The junta has never explicitly said she was under house arrest.

Thaksin said: "It is not easy to push Myanmar in terms of saying, oh,
release Aung San Suu Kyi. That makes the target harder if you push on a
particular point."

Myanmar joined in 1997 and has been a lingering embarrassment for ASEAN
ever since, but the grouping believes in a process of "constructive
engagement" with the junta.

Philippine President Gloria Arroyo said in a statement she had urged Soe
Win during talks Monday to embrace Aung San Suu Kyi and the NLD in the
reform process.

"Having welcomed Myanmar to ASEAN, we want to ensure that the ASEAN vision
of a vibrant and democratic community will be realized," Arroyo said.

"I reiterated that we have to answer to our own ASEAN community and to the
international community."

Officials in Yangon responsible for Aung San Suu Kyi's security confirmed
an NLD announcement Monday that her third stint of confinement since
taking up the democracy struggle in 1988 had been extended for a year.

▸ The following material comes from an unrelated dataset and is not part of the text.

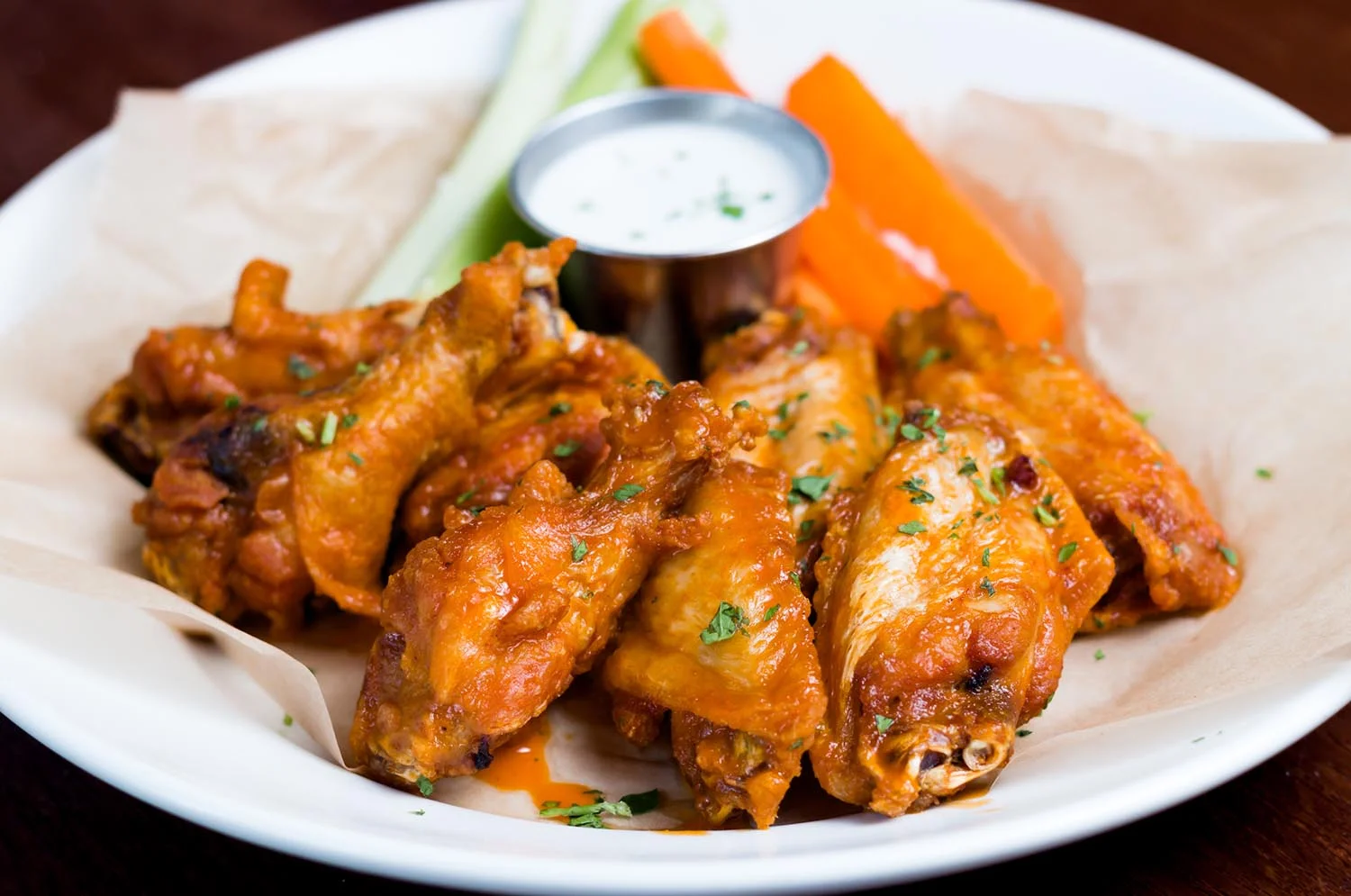 STARTERS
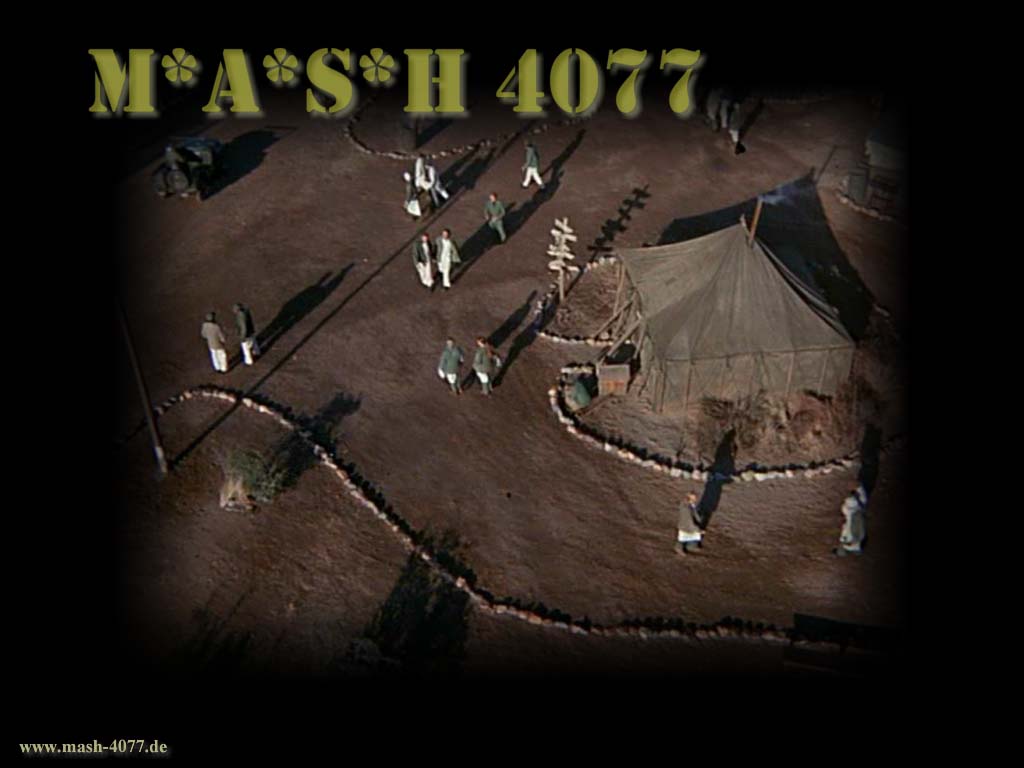 MASH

The United States immediately expressed deep disappointment.

Indonesian foreign ministry spokesman Marty Natalegawa told reporters here
that Aung San Suu Kyi's extended house arrest, if true, was "inconsistent"
with Myanmar's pledge to previous ASEAN summits to lift restrictions on
her.

"If confirmed, then probably that is a subject of consternation for
Indonesia," he said.

Myanmar officials at the summit have stressed the regime's commitment to a
seven-point "road map" to democracy amid concerns about last month's
sacking of ex-premier Khin Nyunt, seen as the initiator of the reform
plan.

They have trumpted their release of some 9,000 prisoners before the ASEAN
summit. Only about 40 of them were political dissidents.

Activists have slammed ASEAN for being soft on the issue. They warned
allowing Myanmar to chair ASEAN meant an endorsement of military rule and
could undermine ASEAN's credibility.

A group of regional lawmakers over the weekend called for Myanmar to be
suspended from ASEAN unless it made progress towards democratic reforms.

_____________________________________

November 30, Agence France Presse
Embarrassment over Myanmar, pride at China trade deal as ASEAN wraps up

Vientiane: Southeast Asian leaders Tuesday wrapped up meetings in Laos
where renewed embarrassment over military-ruled Myanmar threatened to
overshadow the signing of a historic trade deal with China.

Myanmar re-emerged as the unpredictable bete noire of the Association of
Southeast Asian Nations (ASEAN) by sending out mixed signals on its
commitment to reform as the 10-member group met in the Laotian capital of
Vientiane.

Reports from Yangon that the ruling junta had extended the house arrest of
democracy leader Aung San Suu Kyi again cast a shadow over the annual
summit, which has been dogged by controversy ever since Myanmar joined
ASEAN in 1997.

Baffled Asian leaders, some of whom had only just praised Myanmar's
decision to release more than 9,000 prisoners, sought clear answers from
the military-led regime but got none.

Thai Prime Minister Thaksin Shinawatra said he asked Prime Minister Soe
Win about the status of Myanmar's most famous opposition figure.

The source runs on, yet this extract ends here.